The interviewer was very impressed with the third answer and thought he had found his man. “It’s hard to beat the speed of light,” he said.
Finally, turning to Eleuterio, the Filipino, the fourth and final man on his short list, the manager repeats the same question.
Eleuterio quickly replies, “Sir, you ask me what is the fastest thing I know, right? Well, after hearing all three previous answers sir, it should be very obvious that the fastest thing is Diarrhea!”
“Whaaat?” said the manager, stunned by the response. The others were already giggling in their seats confident that their own answers were much better.
“Ok, ok. That’s easy, sir. My answer is in context to what the others have just told you.
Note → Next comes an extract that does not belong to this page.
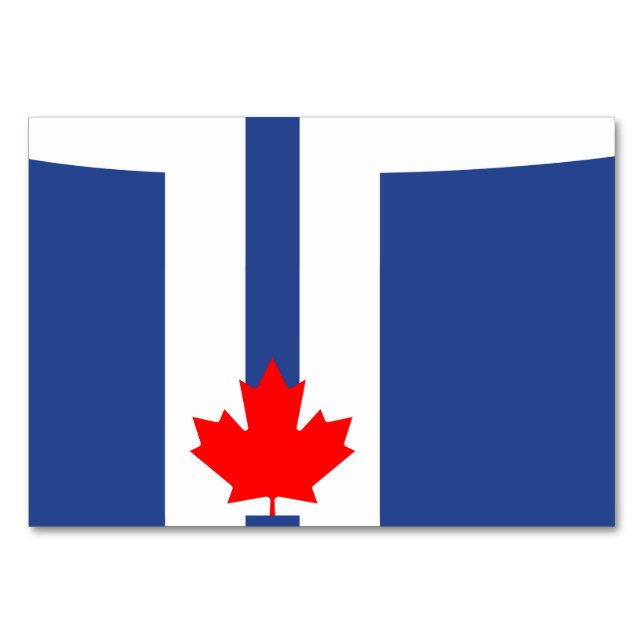 Patriotische Tischkarte mit Flagge von Toronto Tischnummer (Vorderseite)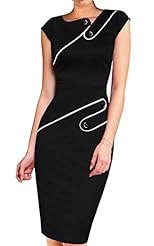 Cotton Sheath Knee Length Cap Sleeves Bodycon Dress/Party Dress/Tunic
So, let me explain it to you this way.” says Eleuterio very seriously.
“You said the ‘fastest’ right? Well you see, sir, the other day my tummy was feeling bad. So I ran as fast as I could to the nearest loo, but before I could THINK, BLINK, or even TURN ON THE LIGHT, sannamagan sir, I had already pooed in my pants!”
The manager’s jaw dropped. Eleuterio got the job.